The legal wrangling in Texas is just one front in a nationwide redistricting battle. The Texas Tribune reported that Missouri and North Carolina have followed Texas’ lead, each adopting new maps that add one Republican seat apiece. In response, California voters passed a ballot initiative to give Democrats five additional seats, a move that has also landed in the courts. Redrawn maps in California, Missouri, and North Carolina are all facing legal challenges, underscoring the high stakes and deep divisions over how political power is distributed in America’s democracy.
At the heart of the Texas dispute is the question of whether the state’s redistricting was an exercise in partisan maneuvering or an unlawful act of racial discrimination. The Supreme Court has grappled with this issue for decades. In 2019, the court ruled that partisan gerrymandering—redrawing districts to benefit one party—could not be challenged in federal courts. However, gerrymandering based primarily on race remains unlawful under the 14th Amendment’s guarantee of equal protection and the 15th Amendment’s prohibition on racial discrimination in voting. The Supreme Court is also considering a case from Louisiana that could further limit the use of race in drawing electoral districts under Section 2 of the Voting Rights Act, potentially reshaping the legal landscape for years to come.

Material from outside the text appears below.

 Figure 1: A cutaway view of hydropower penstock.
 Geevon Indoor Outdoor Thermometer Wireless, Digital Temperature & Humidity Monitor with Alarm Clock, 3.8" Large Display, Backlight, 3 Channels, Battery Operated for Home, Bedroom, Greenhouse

The lower court’s decision in Texas was not unanimous. Judge Jerry Smith, in a sharply worded 104-page dissent, lambasted the majority’s opinion and Judge Brown personally, calling Brown’s conduct “the most outrageous … by a judge that I have ever encountered in a case in which I have been involved.” Smith argued that the “obvious reason” for the redistricting “of course, is partisan gain,” and accused the majority of “judicial activism.”
As the Supreme Court weighs its next steps, the immediate future of Texas’ congressional map remains uncertain. For now, the state is temporarily using its 2025 map, but the “legality of the map” will play out in court over the coming weeks and months, according to The Texas Tribune. The outcome could have significant consequences not just for Texas, but for the balance of power in Congress and the strategies of both parties heading into the 2026 midterm elections.
Republicans currently hold a narrow majority in the House—219 to 214, with two vacancies—and any shift in the distribution of seats could tip the scales. As the Brookings Institution noted, in 20 of the past 22 midterm elections, the president’s party has lost seats in the House, making redistricting battles all the more critical for both parties’ fortunes.
While Texas insists its redistricting was about politics, not race, civil rights groups and the federal judiciary have found the evidence less than convincing. As the Supreme Court prepares to make its next move, the eyes of the nation—and the future of its political representation—remain fixed on the Lone Star State.